Os resultados positivos obtidos através dos escores dos jogos do Wii
provavelmente estão relacionados aos estímulos que simulam atividades dinâmicas
similares àquelas necessárias no quotidiano da voluntária. Os jogos utilizados
envolviam força das cadeias anteriores e posteriores de membros inferiores e
tronco e posturas que se assemelhavam à atividade de levantar-se e sentar-se.

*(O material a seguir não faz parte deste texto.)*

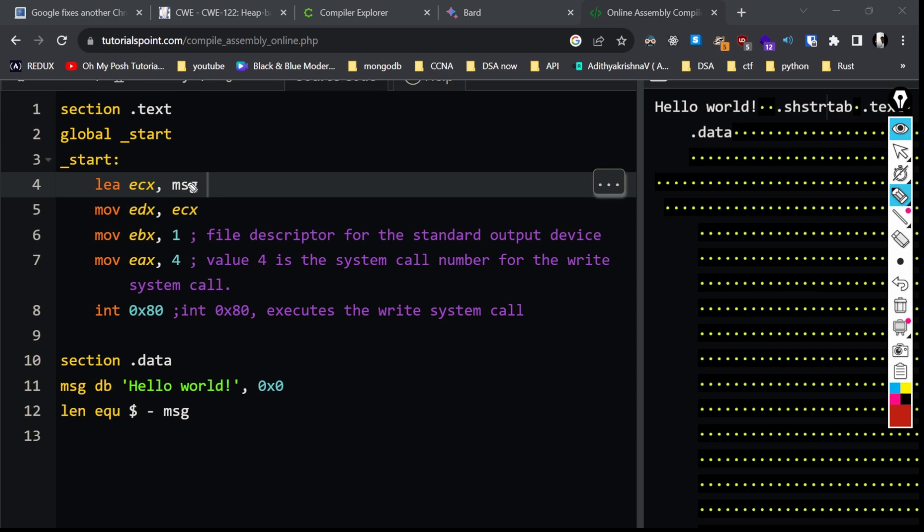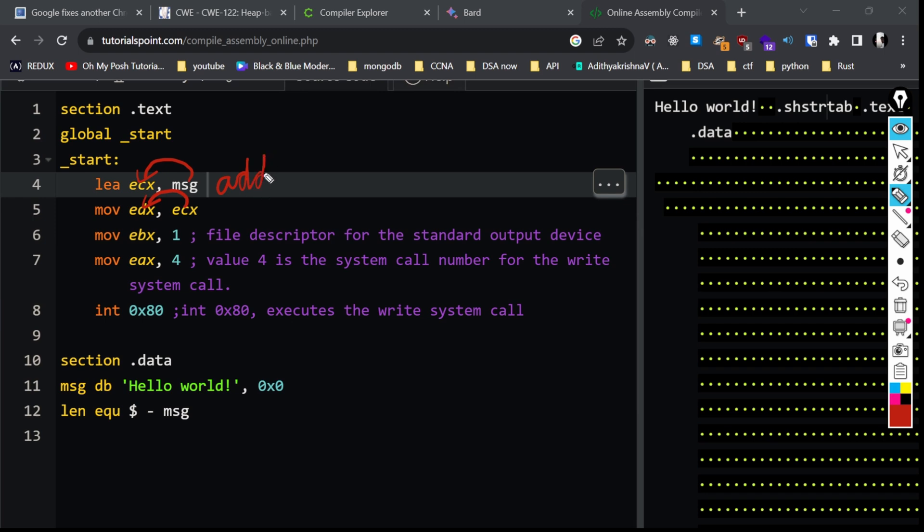Because this address is saved inside ecx, that value is given to edx register. Note the address. The only thing you need to focus on here is in load effective address the address is passed, and in move the value inside the register is passed.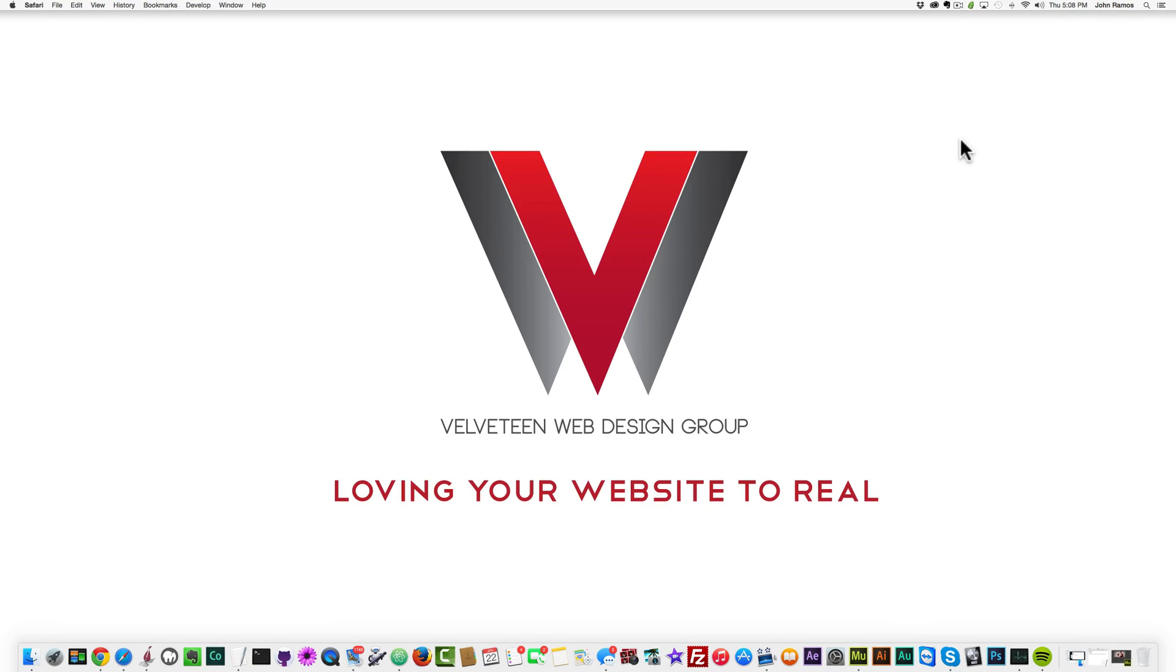Hello and welcome to a Velveteen Web Design Group video tutorial. In this video, I'm going to show you how to open up port 22 on your web server so that you can connect through a secure file transfer protocol, which is also called SFTP, and not just FTP, which is an insecure file transfer protocol.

Supõe-se que o treino contínuo aliado à retroalimentação estimulada durante a
terapia, possa ter contribuído para melhora da funcionalidade da marcha,
transferências de posturas e confiança para a realização da tarefa da
voluntária (Baram, 2013).
Ao comparar os valores iniciais e finais apresentados na tabela_1, observa-se
uma redução de aproximadamente 50% no tempo de execução da atividade Ski
Slalom®. É uma atividade que simulou a postura do esqui, ou seja, o indivíduo
realizou flexão de joelhos e quadris além fazer oscilações laterais; isso
contribuiu diretamente no ganho de equilíbrio e harmonia do movimento da
paciente, além de melhorar as atividades de sentar-se e levantar-se. Já a
atividade Penguin Slide® obteve um aumento de 33.5% na pontuação, a atividade
priorizou o equilíbrio dinâmico e oscilações posturais, mesmos quesitos que
evoluíram na funcionalidade da paciente.
Além disso, a paciente obteve uma melhora no desempenho graças ao feedback
visual, auditivo e propriocetivo exigido pelos jogos. Há uma autoexigência do
usuário para sempre superar suas marcas e vencer os desafios. Outra vantagem em
utilizar a gameterapia é que é uma terapia simples de usar, que não exige um
alto grau de treino e as consolas atuais tornam-se cada vez mais acessíveis no
mercado, possibilitando sua implementação em clínicas e laboratórios (Betker,
Szturm, Moussavi, & Nett, 2006; Betker, Desai, Nett, Kapadia, & Szturm,
2007).
Uma das limitações do presente estudo é que se trata de um relato de caso e,
portanto não se pode afirmar que os resultados obtidos possam ser reproduzidos
para todos os pacientes com MRE. Contudo, várias características da RV podem
assegurar que os resultados podem ser realmente promissores nos casos de MRE, o
caráter lúdico, por exemplo, evita a monotonia que muitos pacientes
experimentam na fisioterapia convencional.
CONCLUSÕES
Há um amplo campo na descoberta e tratamento de portadores de MRE. Apesar de
ser um estudo de caso, observa-se que o uso da RV resultou efeitos promissores
para o tratamento de sequelas neurológicas ocasionadas pela MRE. A plataforma
Wii Balance Board® se mostrou uma ferramenta de baixo custo e com resultados
satisfatórios na reabilitação neuromotora de uma paciente com MRE.